__Exercise objective__
Return every entry below word for word and leave out any picture.

----------

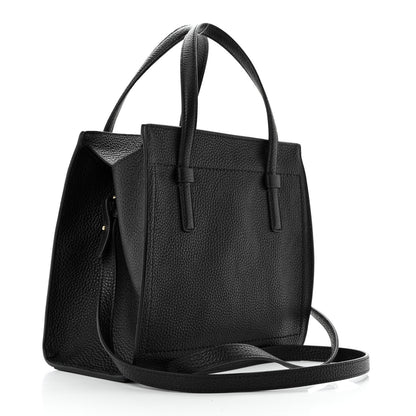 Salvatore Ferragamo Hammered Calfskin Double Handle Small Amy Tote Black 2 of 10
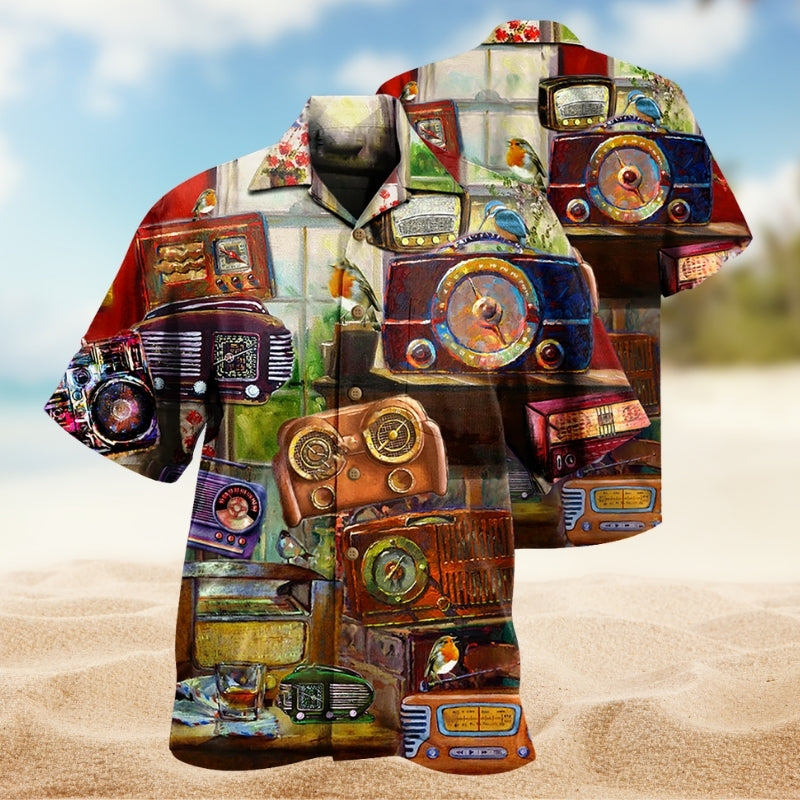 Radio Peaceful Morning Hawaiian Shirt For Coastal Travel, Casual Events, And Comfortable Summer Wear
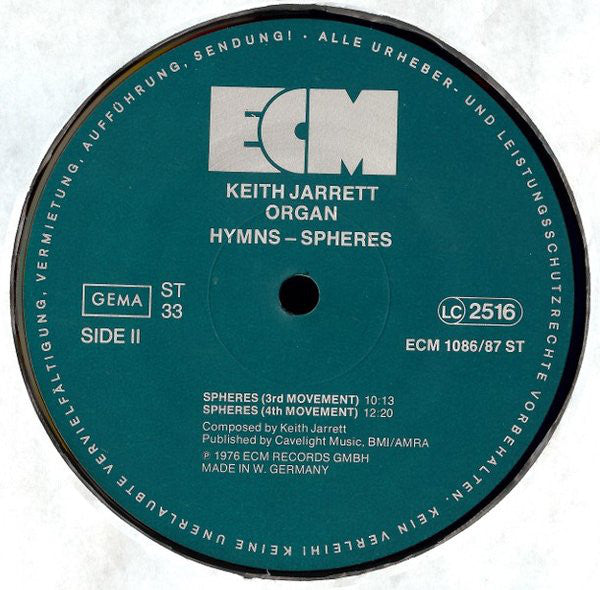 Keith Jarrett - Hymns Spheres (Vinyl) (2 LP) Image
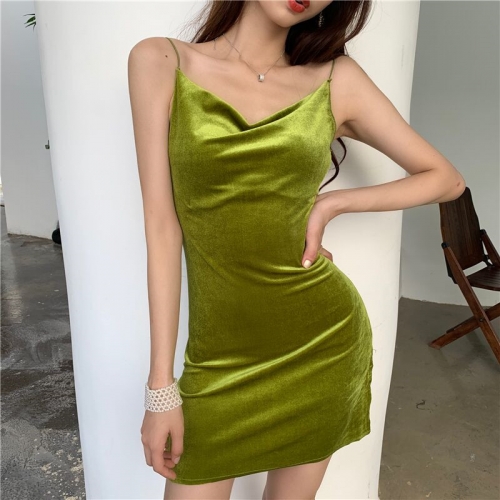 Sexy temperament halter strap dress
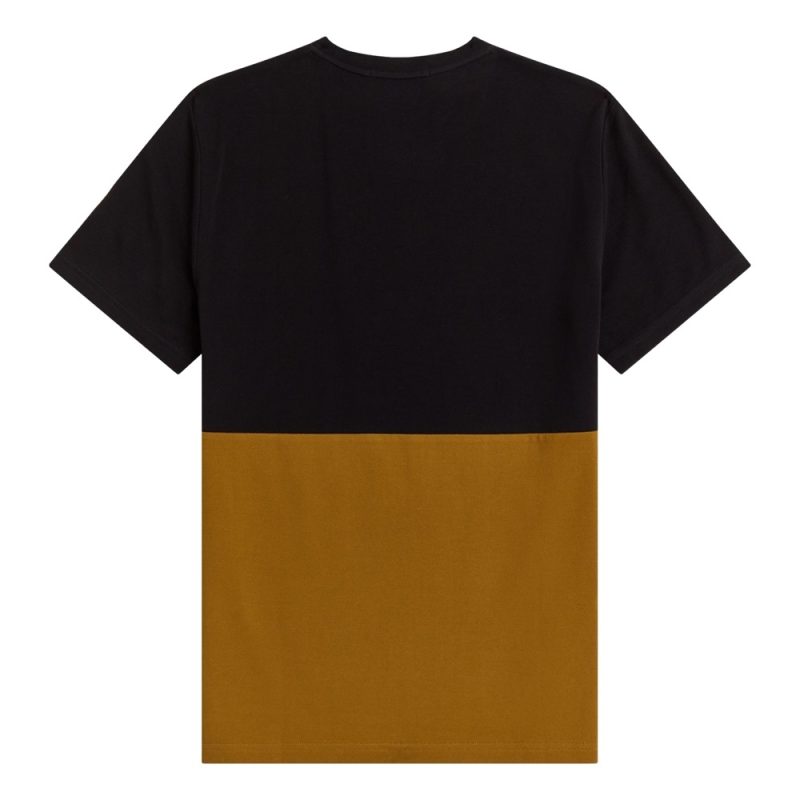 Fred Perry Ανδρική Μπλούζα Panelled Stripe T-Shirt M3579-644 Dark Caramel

----------

__Expected answer__
 Salvatore Ferragamo Hammered Calfskin Double Handle Small Amy Tote Black 2 of 10
 Radio Peaceful Morning Hawaiian Shirt For Coastal Travel, Casual Events, And Comfortable Summer Wear
 Keith Jarrett - Hymns Spheres (Vinyl) (2 LP) Image
 Sexy temperament halter strap dress
 Fred Perry Ανδρική Μπλούζα Panelled Stripe T-Shirt M3579-644 Dark Caramel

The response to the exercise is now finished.